====== Supplied material ======
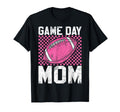 Game Day Mom Football Mom T-Shirt - Minimalist Print Unisex - T-Shirt, Sweatshirt, Hoodie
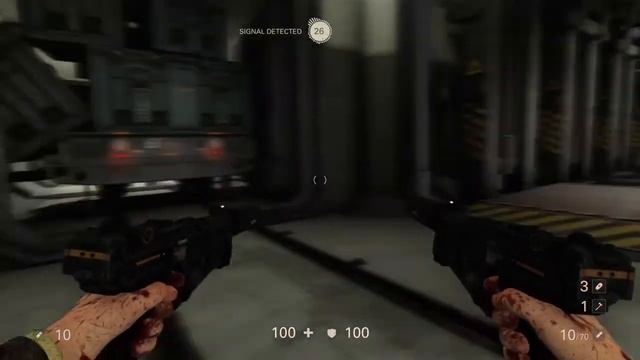 Playing Wolfenstein 2 The New Colossus  part 9 (9/11/23) (Fergus timeline)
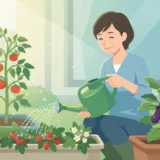 水やりは朝？夕方？家庭菜園の水やり頻度とタイミングの基本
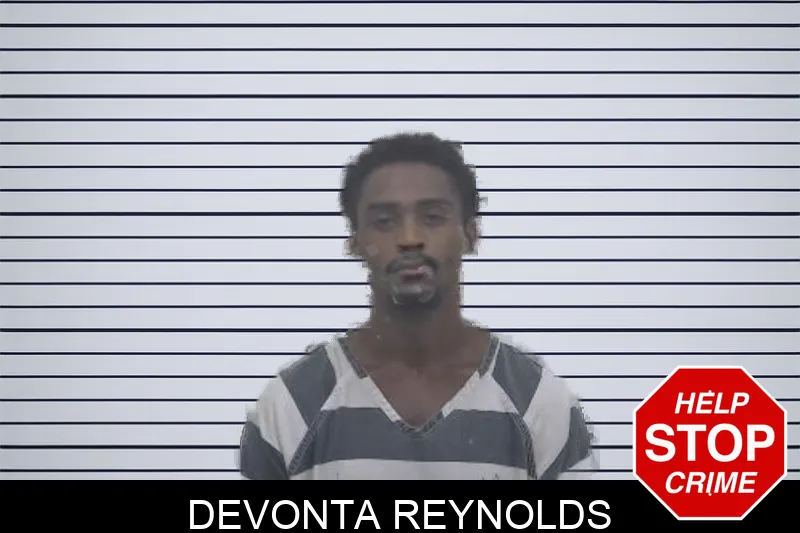 Devonta Reynolds mugshot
======
**Requirement**
Reproduce every line above word for word; no images.

**Exercise response**
 Game Day Mom Football Mom T-Shirt - Minimalist Print Unisex - T-Shirt, Sweatshirt, Hoodie
 Playing Wolfenstein 2 The New Colossus  part 9 (9/11/23) (Fergus timeline)
 水やりは朝？夕方？家庭菜園の水やり頻度とタイミングの基本
 Devonta Reynolds mugshot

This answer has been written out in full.